The five-day forecast cone issued by the National Hurricane Center generally aimed Frank's predicted track in the general direction of the California coast, especially if one attempted to extrapolate the track out even farther into the future along the same path.
But not to worry, California. What's left of Frank will dissipate long before it could make even a hint of distant approach off the coast.
For one, the ocean temperature is way too cool in that area of the Pacific Ocean to sustain any sort of tropical cyclone.
Tropical systems get their fuel from warm ocean waters that need to be at least 80 degrees to power significant storms. Those temperatures exist farther south in the Pacific, but not along the West Coast of the U.S.
On Tuesday, Frank wandered into a region where water temperatures had dropped to 72 degrees, and the National Hurricane Center said the storm lost its tropical characteristics by Tuesday night over those cooler waters.
As a result, Frank was downgraded to a post-tropical cyclone, and any organized showers and thunderstorms associated with the storm will die out on Wednesday, leaving just scattered remnants behind. By Friday, what used to be Frank will be a fizzling trough of low pressure several hundred miles off the California coast.
"Tropical storm impacts from Frank are *not* expected here," wrote National Weather Service forecasters in San Francisco.
Frank will blot out the sun a bit, though
While no impacts are expected from Frank, some moisture from the post-tropical cyclone is helping put a damper on the summer sunshine. Both the Bay Area and Los Angeles areas reported cumulus clouds streaming into the area from the distant tropical system on Tuesday, with even a few rain showers and isolated thunderstorms detected well offshore.
The clouds knocked a few degrees off high temperatures Tuesday, and in Southern California added a bit of moisture to the showers streaming in via the monsoon in the Desert Southwest.
Tropical storms have hit California before – twice
While the Pacific Ocean off the California coast is inhospitable for sustained tropical system development, there are two instances in the state's history of such a storm surviving until landfall – about once a century.
The last and only tropical storm to make landfall in California since the dawn of the 20th century was on Sept. 24, 1939. A hurricane approached the Los Angeles area but lost hurricane strength just before making landfall at San Pedro as a tropical storm.
The tropical storm’s winds were not the main issue, but its torrential rainfall caused the greatest September rainfall on record across Southern California.
The other instance was in the 19th century.
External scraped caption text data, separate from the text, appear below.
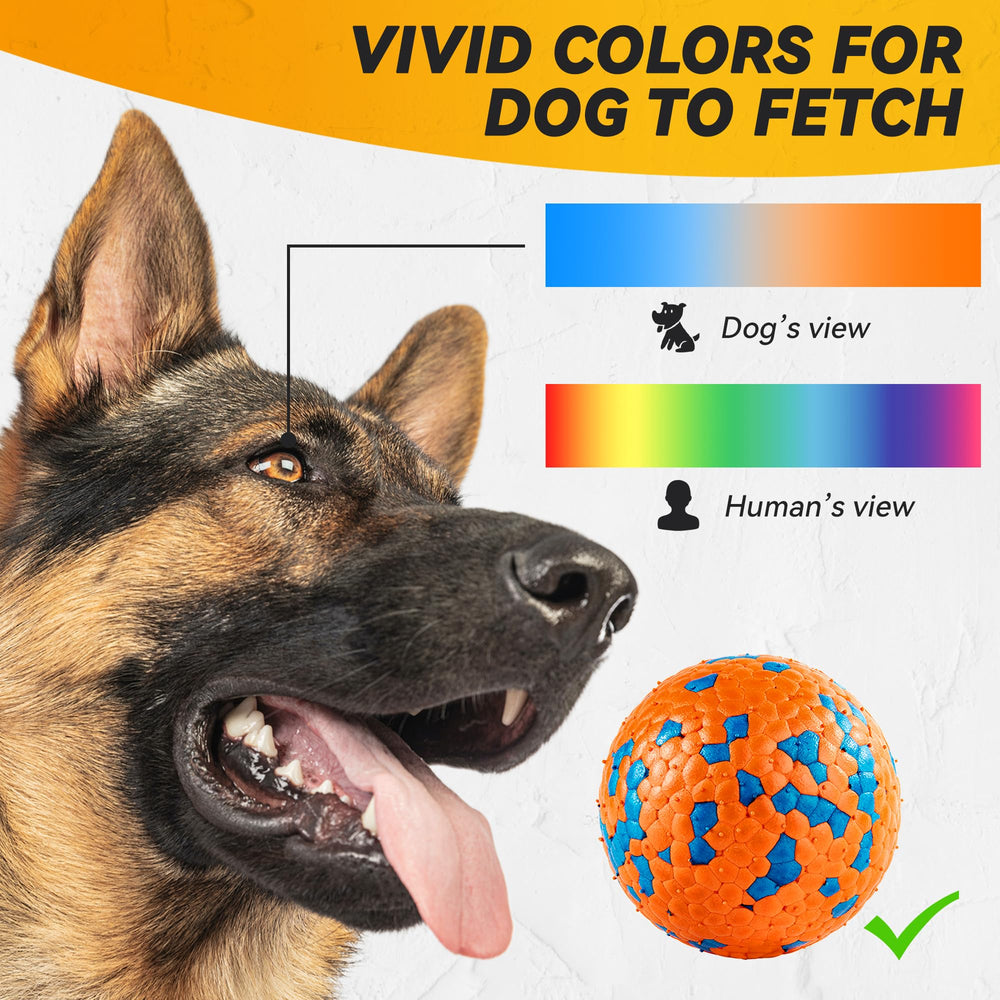 FUSOTO dog ball orange – E-TPU material, durable and lightweight.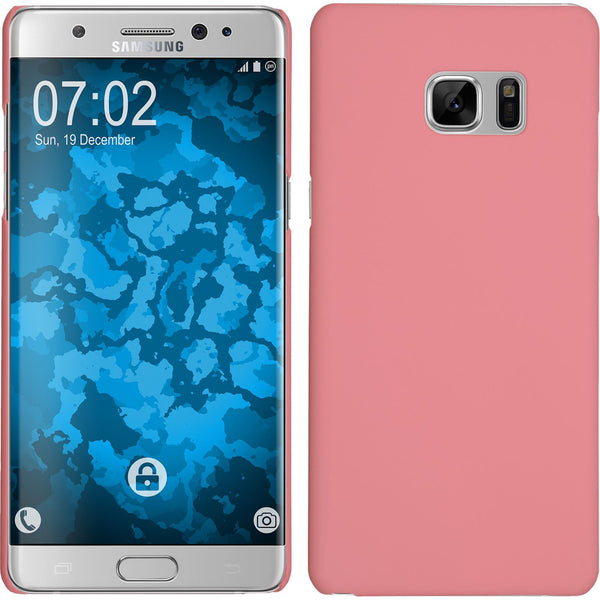 Hardcase für Samsung Galaxy Note FE gummiert rosa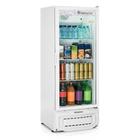 Expositor Vertical Refrigerado Visacooler Preto 410 Litros Gelopar GPTU 40 Branco 220v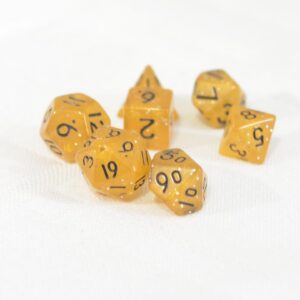 gold sparkly 12mm mini dice
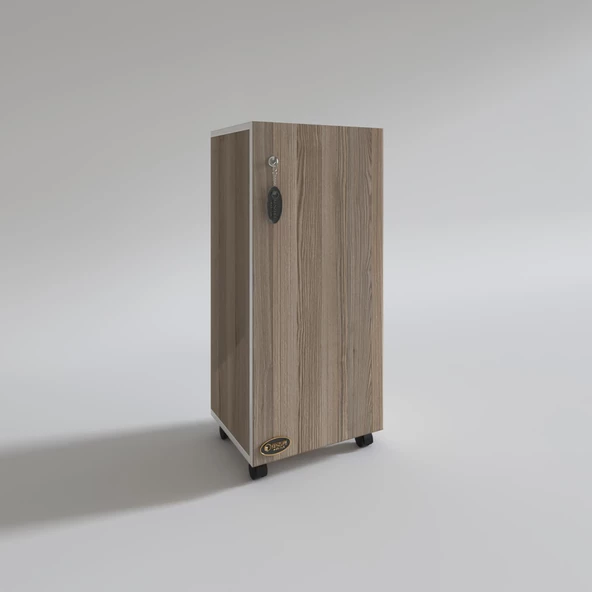 Kenzlife mutfak dolabı zehra 108*030*032 crd kilitli tekerlekli banyo evrak ofis kitaplık ayakkabılık kiler - Resim 4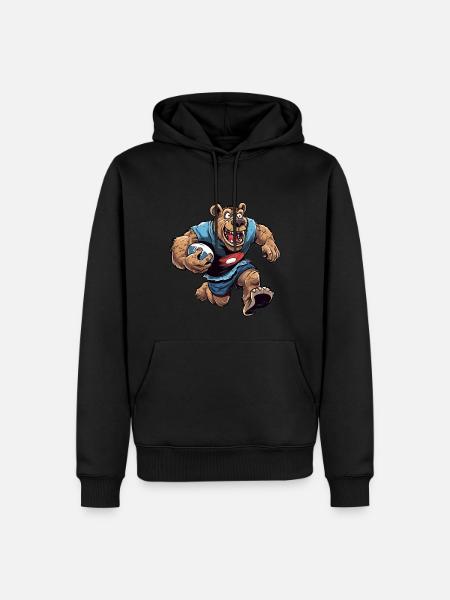 Bears Rugby Player - Men’s Premium Organic Hoodie - black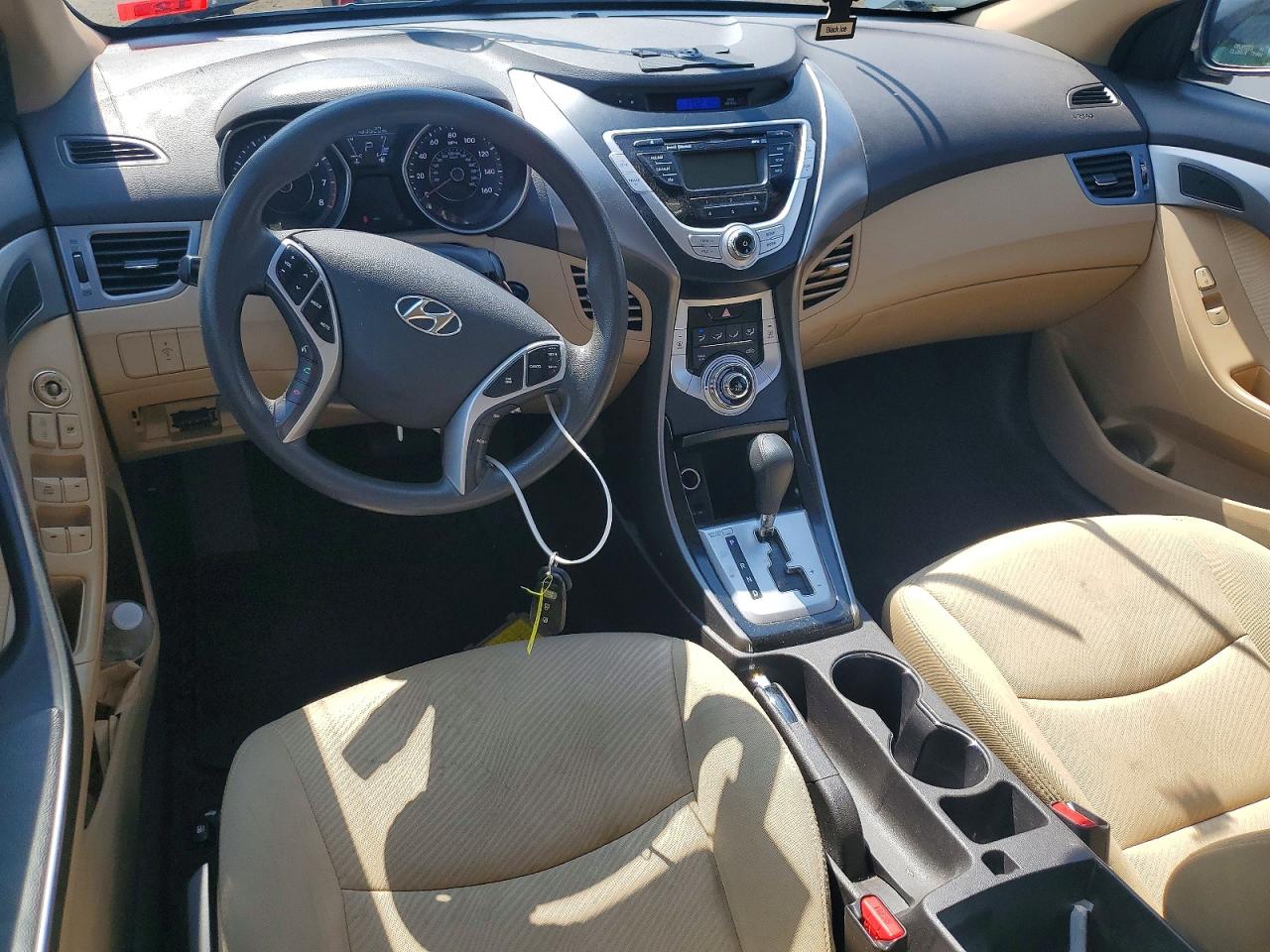 2011 Hyundai Elantra Gls Желто-коричневый vin: 5NPDH4AE2BH001295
Meteorology researchers, piecing together what few weather records were available at the time and matching with stories in local newspapers, believe that in 1858 the San Diego area was likely hit with winds that would today be deemed a Category 1 hurricane – the only tropical system ever considered to have struck the U.S. West Coast at hurricane strength.
Here is how a California hurricane could happen
It won't be Frank, but could a tropical storm hit California again some day? FOX Weather Hurricane Specialist Bryan Norcross says there are theoretically two ways to get a strong tropical system as far north as Southern California.
"Either the water is exceptionally warm, or the steering currents are moving the storm so fast that it can survive for a while over quickly cooling water," Norcross said. "Or maybe a combination of both."
For the waters to become warm enough, you’d need two events to happen in tandem. First, it would help to occur during a moderate to strong El Niño year, which gives a warming boost to water temperatures across the Central and Eastern Pacific Ocean. That was the case in the 1858 and 1939 storms, Norcross said.
Second, you need that cooling California current to take a detour.
"Sometimes for complicated and somewhat random reasons, (that current) will bend offshore allowing a tongue of somewhat warmer water to extend farther north right along the coast," Norcross said. "In El Niño years, there is warmer water on the east side of the tropical Pacific. Some of that tends to spread up the Mexican coast and can reach Southern California."